Networks are becoming increasingly complex, making effective and efficient network management a challenge. With new and emerging technologies and the increasing adoption of cloud, users expect faster network speeds and seamless network availability. In addition, security threats are more advanced and agile. As the network incorporates several devices, tools, applications, systems, and now, work from home users, the complexity escalates. A larger scale of network amplifies the potential for failure.
Networks now need to be intelligent. Artificial intelligence (AI) and machine learning (ML) will be critical in automating network operations and optimizing end user experience. This paper looks at how AI, ML, and automation can change the existing network operations and simplify the life of network engineers. It explores how businesses can leverage AI/ML to make a true self-healing autonomous network, going beyond automation and work done by bots.
Effective network operations in a new age technology world
With millions of applications developed every day, the ‘networking’ stack plays a vital role in ensuring secure and any time access, regardless of where the applications are hosted - on premise or on the cloud.

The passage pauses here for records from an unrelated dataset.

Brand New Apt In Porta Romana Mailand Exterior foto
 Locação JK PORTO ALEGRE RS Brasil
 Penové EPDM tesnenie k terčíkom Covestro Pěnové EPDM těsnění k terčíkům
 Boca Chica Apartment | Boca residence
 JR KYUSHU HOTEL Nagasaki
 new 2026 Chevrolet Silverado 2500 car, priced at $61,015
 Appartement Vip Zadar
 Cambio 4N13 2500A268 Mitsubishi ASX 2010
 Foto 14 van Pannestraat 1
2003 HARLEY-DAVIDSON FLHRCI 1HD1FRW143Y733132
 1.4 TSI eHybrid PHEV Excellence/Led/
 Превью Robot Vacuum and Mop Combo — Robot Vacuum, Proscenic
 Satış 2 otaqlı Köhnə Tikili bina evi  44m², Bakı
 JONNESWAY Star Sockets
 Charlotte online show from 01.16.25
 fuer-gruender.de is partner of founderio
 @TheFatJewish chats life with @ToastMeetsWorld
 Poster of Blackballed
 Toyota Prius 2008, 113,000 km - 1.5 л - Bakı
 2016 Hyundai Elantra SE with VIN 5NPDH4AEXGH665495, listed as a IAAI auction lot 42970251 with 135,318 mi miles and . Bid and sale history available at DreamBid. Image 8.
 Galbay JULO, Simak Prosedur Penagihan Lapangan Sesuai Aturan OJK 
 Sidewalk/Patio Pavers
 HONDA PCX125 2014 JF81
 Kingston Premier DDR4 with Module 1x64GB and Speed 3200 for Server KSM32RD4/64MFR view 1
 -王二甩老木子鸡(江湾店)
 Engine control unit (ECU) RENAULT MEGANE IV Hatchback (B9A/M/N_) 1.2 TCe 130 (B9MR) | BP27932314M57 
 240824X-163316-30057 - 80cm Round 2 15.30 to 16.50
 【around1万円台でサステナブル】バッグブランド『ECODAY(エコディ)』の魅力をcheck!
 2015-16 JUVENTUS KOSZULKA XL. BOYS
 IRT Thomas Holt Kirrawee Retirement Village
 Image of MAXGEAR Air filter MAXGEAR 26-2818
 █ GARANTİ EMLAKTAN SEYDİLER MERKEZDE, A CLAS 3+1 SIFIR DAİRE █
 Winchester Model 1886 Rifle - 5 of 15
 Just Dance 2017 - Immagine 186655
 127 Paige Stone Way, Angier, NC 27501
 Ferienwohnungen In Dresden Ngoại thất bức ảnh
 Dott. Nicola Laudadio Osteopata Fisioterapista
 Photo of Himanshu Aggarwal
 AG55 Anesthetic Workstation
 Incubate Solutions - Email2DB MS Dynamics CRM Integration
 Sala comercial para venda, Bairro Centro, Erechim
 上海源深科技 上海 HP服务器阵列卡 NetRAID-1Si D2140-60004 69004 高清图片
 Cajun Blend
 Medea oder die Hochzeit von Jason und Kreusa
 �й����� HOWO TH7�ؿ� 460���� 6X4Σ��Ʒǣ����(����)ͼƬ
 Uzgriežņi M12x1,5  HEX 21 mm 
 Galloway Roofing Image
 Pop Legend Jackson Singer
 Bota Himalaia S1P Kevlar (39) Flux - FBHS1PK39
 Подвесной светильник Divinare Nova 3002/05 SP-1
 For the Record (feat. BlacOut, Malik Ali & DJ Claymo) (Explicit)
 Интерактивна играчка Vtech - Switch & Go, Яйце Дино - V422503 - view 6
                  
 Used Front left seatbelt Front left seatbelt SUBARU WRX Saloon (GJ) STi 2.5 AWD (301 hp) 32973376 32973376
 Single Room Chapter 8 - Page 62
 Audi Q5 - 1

The pressure on the network to quickly adapt to new and emerging technologies while ensuring seamless user experience only amplifies the network’s complexity and the efforts it takes to manage it. There are myriad issues that can come up on a daily basis, based on the size of the infrastructure and the design complexity. A wrong VLAN on a port or misconfiguration of a VLAN can cause multiple ports and circuits to go down as the ports may get blocked due to spanning tree. A small change, misconfiguration or incident can have a significant impact on the business.
Robust change management and incident management systems help in avoiding such issues. However, network complexity gives rise to many such scenarios, and solution doesn’t come easy as one size does not fit all. For instance, checking a layer 2 issue when there are 10 switches to manage is radically different from a landscape with 100 switches in a domain. There is no efficient solution that can help in simulating such issues, as replication of the existing configuration and the device sets adds to complexity and additional requirements.
Simplifying configuration with software-defined networking
Software-defined networking (SDN) has eased the configuration part by segregating the network control plane from the forwarding plane. It has enabled a ‘single plane of glass’, wherein all the nodes can be managed and controlled from a single controller and management dashboard. The traditional configuration is abstracted with user-friendly graphical user interface. The time spent on configuring routing policies by logging into individual routers/switches command-line interface is dramatically reduced by pushing the same from the single user interface, which, in turn pushes to all the respective nodes where the policies need to be configured.
However, even though the configuration part is simplified, the alarms or events have increased and have become more complex. Consider this - the connectivity from the user to an application as a single entity has multiple components like LAN (either wired/Wi-Fi), WAN (either traditional or software defined) plus where it is hosted -- in the data center or the cloud. Each of this is monitored by its own respective controllers, and each logs the alerts/incidents to the organization’s IT Service Management desk.
An application can slow down due to network latency or high response time from the application server itself. Earlier, these were marked as network issues. Now, leveraging new gen solutions, we are able to garner better insights into these issues and classify these in two different domains – network and applications – thereby, ensuring issues are assigned to the appropriate teams for resolution.
Similarly, an overlay tunnel would have gone down because of the underlay device's port which is either flapping or has gone down. In such scenarios, each endpoint logs its own events - the SD-WAN controller would log an incident for the tunnel going down and the underlay device would log an event for the port going down. With multiple incidents being logged from multiple controllers and the underlay devices, ITOps find it very difficult to correlate each of them. With separate teams handling issues from different components, the correlation becomes even more difficult.
The focus of the operations teams is on configuration and troubleshooting. The configuration part is now simplified with next-gen solutions, but troubleshooting has become more complex.
Is there a solution that can ease the troubleshooting or issue resolution process as well? The answer is a resounding ‘yes’.
Intelligent network with AI and ML
Networks need to be intelligent to meet the dynamic needs of the digital age. AI and ML play a critical role in enabling this by automating and infusing intelligence in network operations.